The other issue I have with Gruul is that it has very little interaction to work with in the list. Bonecrusher Giant is an insanely powerful card as is Shatterskull Smashing, but both are generally limited to killing small creatures. The Akroan War can function similarly to an interactive spell, but that only helps against creatures specifically. For Selesnya, Giant Killer can feel like it’s narrow, but 4 power is going to be the break point to attack past a lot of your creatures anyway so it’s rare that any creature with 3 power or less should be too scary. The big draw to white though, is Elspeth Conquers Death which allows you to interact with any type of permanent, not just creatures.
WHY SHOULD YOU PLAY SELESNYA ADVENTURES IN GENERAL?
I’m glad you asked! In Best of One, the best decks tend to be those that have a strong curve early and staying power late. With that, as I mentioned, Gruul is a great contender there as it can do that, but I like Selesnya more in Best of One for the previously stated reasons. With that in mind, Selesnya gives up a little bit of velocity for significantly more staying power.
When I played Best of One I quickly got frustrated whenever I played purely linear decks as I kept getting out grinded by decks that can stall me, then their late game would generally trump mine. With Selesnya, you have the ability to go fast, something that a deck like Food lacks, and the ability to grind late into the game with The Great Henge, Vivien, and Elspeth Conquers Death, something a deck like Monowhite can struggle to do. When you have a deck that can do both, you do run the risk of drawing the “wrong half” of your deck, but most of your cards are so inexpensive that this generally shouldn’t be an issue.
With all of that out of the way, let’s talk about card choices.
Vivien is a great grindy engine whether you are securing the win while you’re ahead or trying to catch up from behind. When you are really far behind on board, Vivien isn’t the most helpful, but if you manage to untap with her you can get some serious value in a deck with 28 creatures.
This card is just busted, especially when you have cheaper adventure creatures to help accrue value off of it.
Giant Killer is so gross as it’s a cheap Adventure creature for Edgewall Innkeeper, a removal spell for large creatures, and a tapper to mess up combat in the late game. For a 1 mana creature, that’s a lot of value.
Fleecemane Lion this is not, but Bronzehide hasn’t had its fair shake in Standard.

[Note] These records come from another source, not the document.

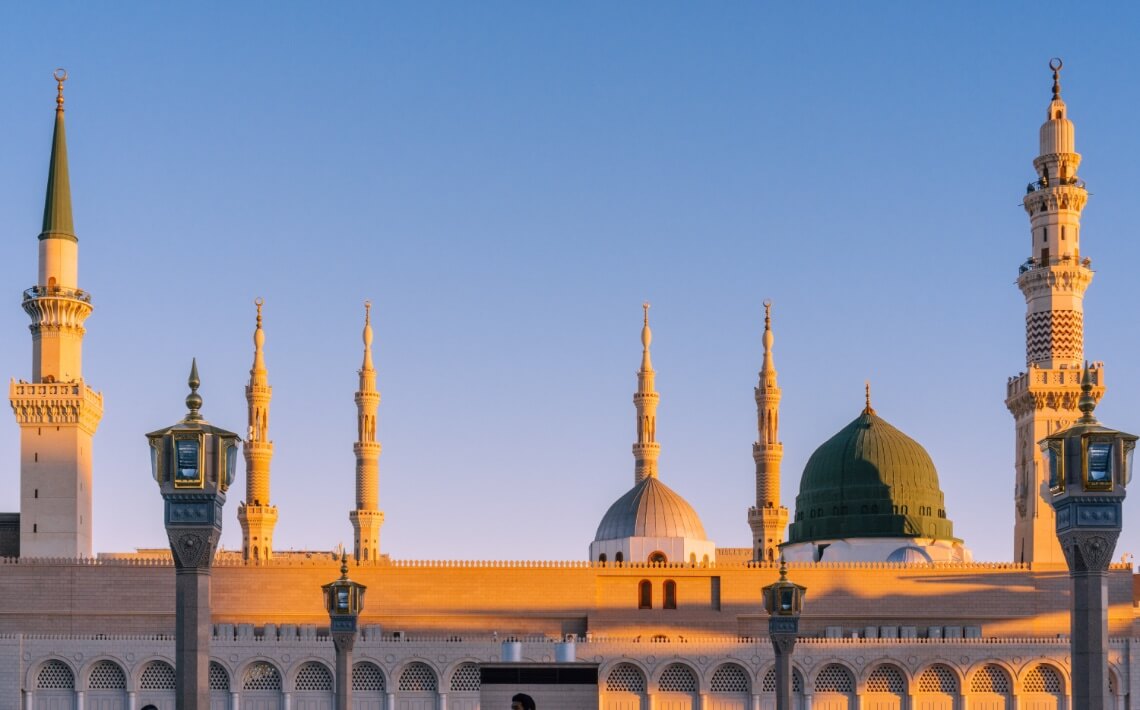 Madinah Airport to Masjid Nabawi All Options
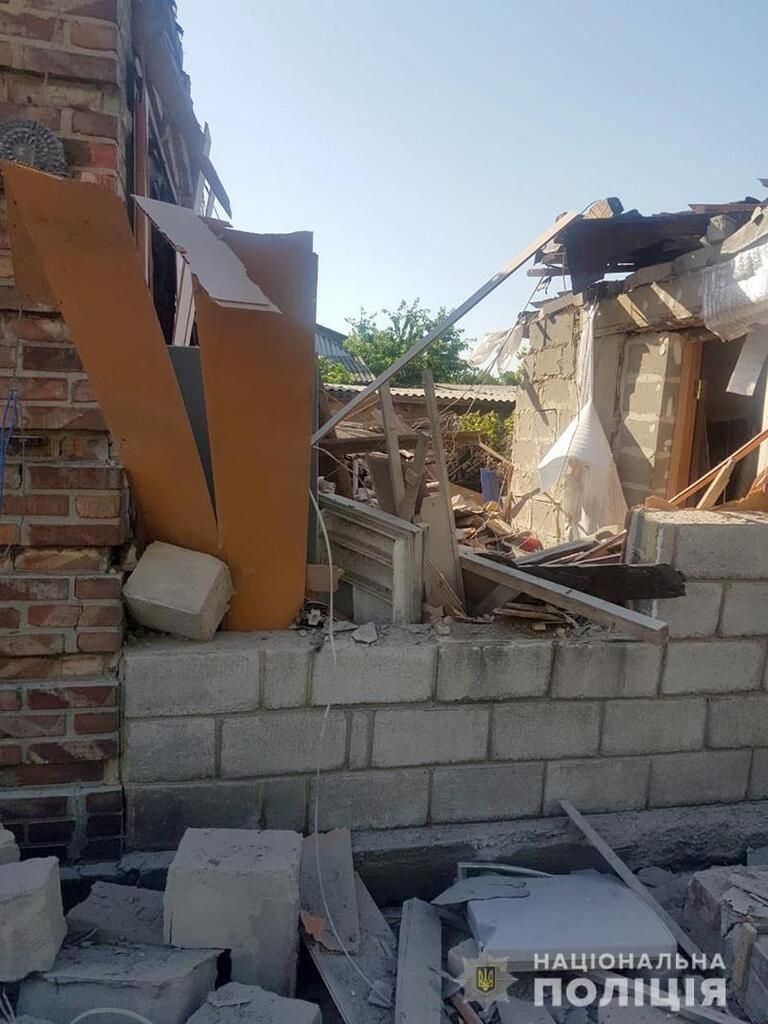 Оккупационные войска обстреляли освобожденную Марьинку: ужасающие фото с места Оккупационные войска обстреляли освобожденную Марьинку: ужасающие фото с места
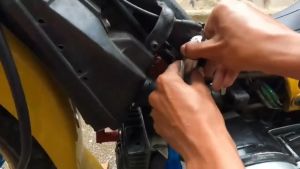 Manipul Jupiter Mx Manipol Karet Intake Intek Yupiter Leher Angsa Sambungan Karbu PE 26 28 PWK PWL PWM 26 28 30 Yamaha Jupiter Mx JupiterMx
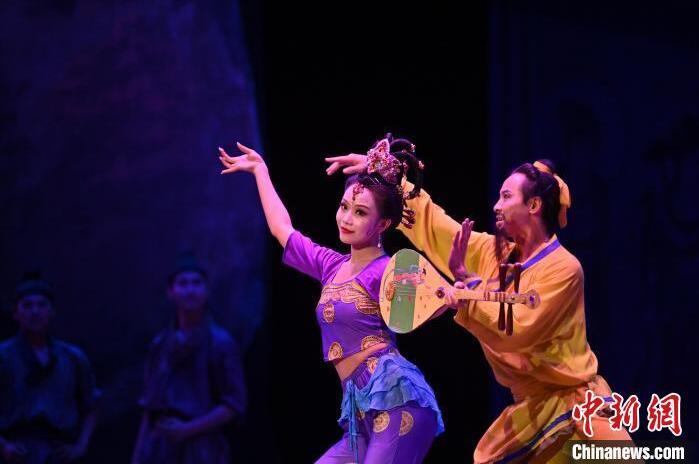 7月18日晚，中國(guó)經(jīng)典舞劇《絲路花雨》在甘肅蘭州黃河劇院進(jìn)行演出。中國(guó)經(jīng)典舞劇《絲路花雨》迎來45周年，7月17日-8月4日在蘭州開啟為期多天的駐場(chǎng)演出。該舞劇取材于敦煌莫高窟壁畫，集中國(guó)霓裳羽衣舞、敦煌舞、印度舞、黑巾舞、波斯馬鈴舞等于一身，自1979年演出至今，該劇先后在40多個(gè)國(guó)家和地區(qū)演出近4000場(chǎng)，觀眾550多萬(wàn)人次。中新社記者 李亞龍 攝</p>
<p>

A 2 mana 3/3 is a pretty acceptable stat line by itself, but when you throw on Indestructible, this card can make combat a nightmare for your opponent. 2 mana isn’t a cheap investment, but you don’t need to worry about utilizing the ability until the late game most of the time anyway, and if you have to trade the Lion away, it enchants another creature on the way out with the Indestructible ability.
I love this card and it really doesn’t get the respect it rightfully deserves. This is a 2 drop that scales up quickly if played early and can still be relevant late. Having a 2 drop that can also accrue value “immediately” is a big boon to the power level of a card.

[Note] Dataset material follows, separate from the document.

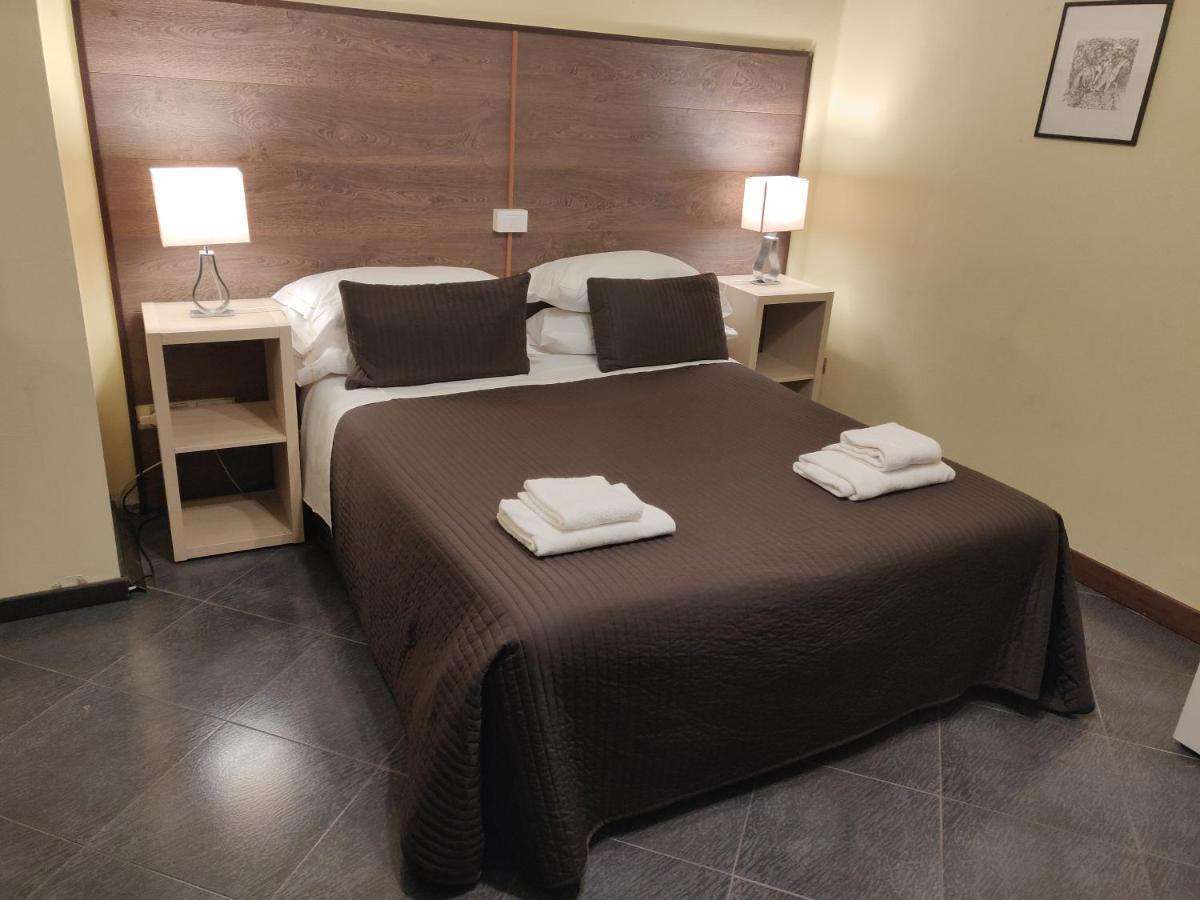 Hotel Il Rustichello 로나토 외부 사진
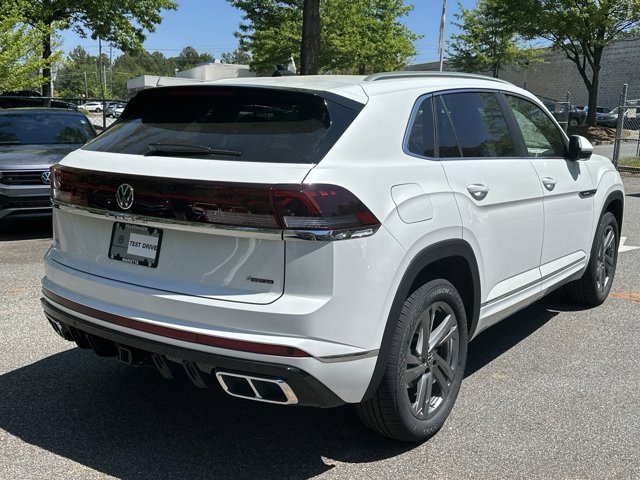 2024 Volkswagen Atlas Cross Sport 2.0T SEL R-Line 7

If you’re playing a green creature deck, you should always pack a lil Scooze friend to take with you. Having 1 copy is very valuable as it’s a 2 drop that is significantly better when played in the late game when there are stacked graveyards then early in the game where it’s a functional Grizzly Bear. Be mindful of how many creatures you’re eating out of your graveyard as you have 4 Elspeth Conquers Death to recur.
Shepherd of the Flock tends to be better against slower decks, but having the 1 of copy can come in handy for niche situations. Ideally you are using this to insulate a threat of yours from a removal spell or to buy back an Adventure creature or Elspeth Conquers Death, but using it to trigger Edgewall Innkeeper is also acceptable. If you do happen to have it, try to keep it open wherever possible as wasting a removal spell from the opponent is very valuable for just 1 mana.

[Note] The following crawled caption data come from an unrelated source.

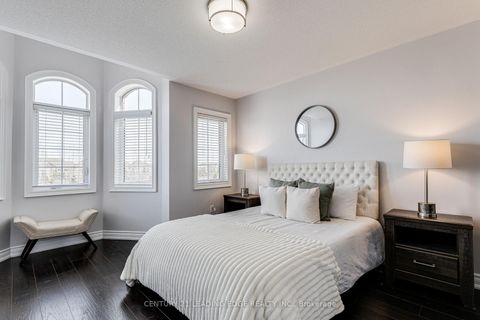 Photo 15 at 102 MACTIER Drive, Kleinburg, Vaughan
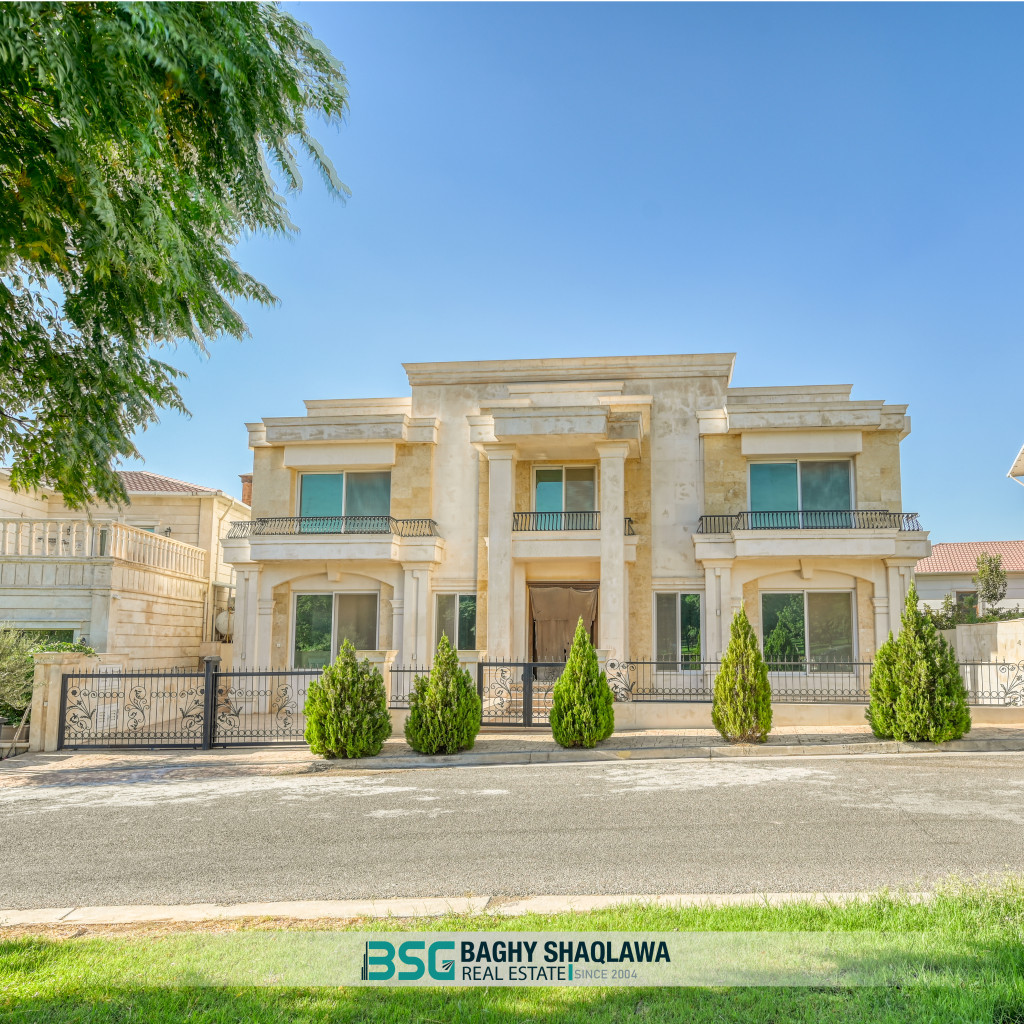 Villa for sale Opposite Garden in American Village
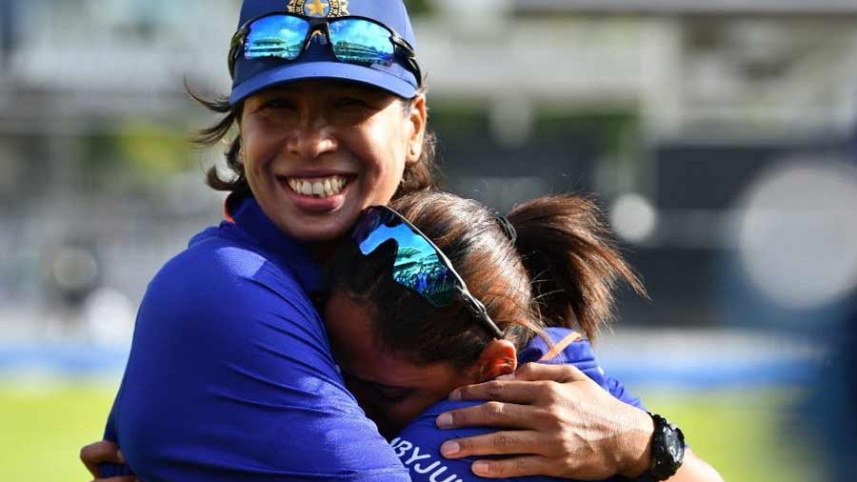 Jhulan Goswami & Harmanpreet Kaur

A great Adventure creature and a Henge enabler, nothing too surprising here.
QB is a powerful card and having only 1 copy means we’ll never have an awkward situation with multiple copies.
Not as powerful as Questing Beast, but functionally drawing 2 cards with the ETB and having value against a deck like Jund (which has been gaining popularity) is a reasonable inclusion for this deck, especially when the deck is relatively mana hungry.
Bolt Plains or better Broodmate Dragon.
The main payoff to playing White in Standard. Elspeth Conquers Death is just disgusting with how much value it accrues as it kills the best card on your opponent’s board then gets back the best card in your graveyard.
- Your main goal is to always curve out and try to establish as strong of a board as possible. Establishing The Great Henge is your main priority and the easiest way you can win your matchups.
- The 1/1 body of Edgewall Innkeeper isn’t particularly helpful unlike in Gruul, it can be at least used to help cast Embercleave. In that vein, try not to run out Edgewall Innkeeper without immediately following up with an Adventure creature.
- Generally I don’t like playing Giant Killer out early in the game without Edgewall Innkeeper as the tap ability is really only relevant later anyway.
- If you have to choose between holding up a Bronzehide Lion activation or advancing your board state, generally you should advance your board state. However, if you get to hold up Bronzehide Lion and Giant Killer, that becomes more of a toss up as having both open can really put your opponent in a bind.
- Try to deploy your Lovestruck Beast and Kazandu Mammoth on turn 3 to enable a turn 4 Henge, even at the expense of not using the adventure part or sometimes even at the risk of missing a land. Obviously only do this if you already have both halves.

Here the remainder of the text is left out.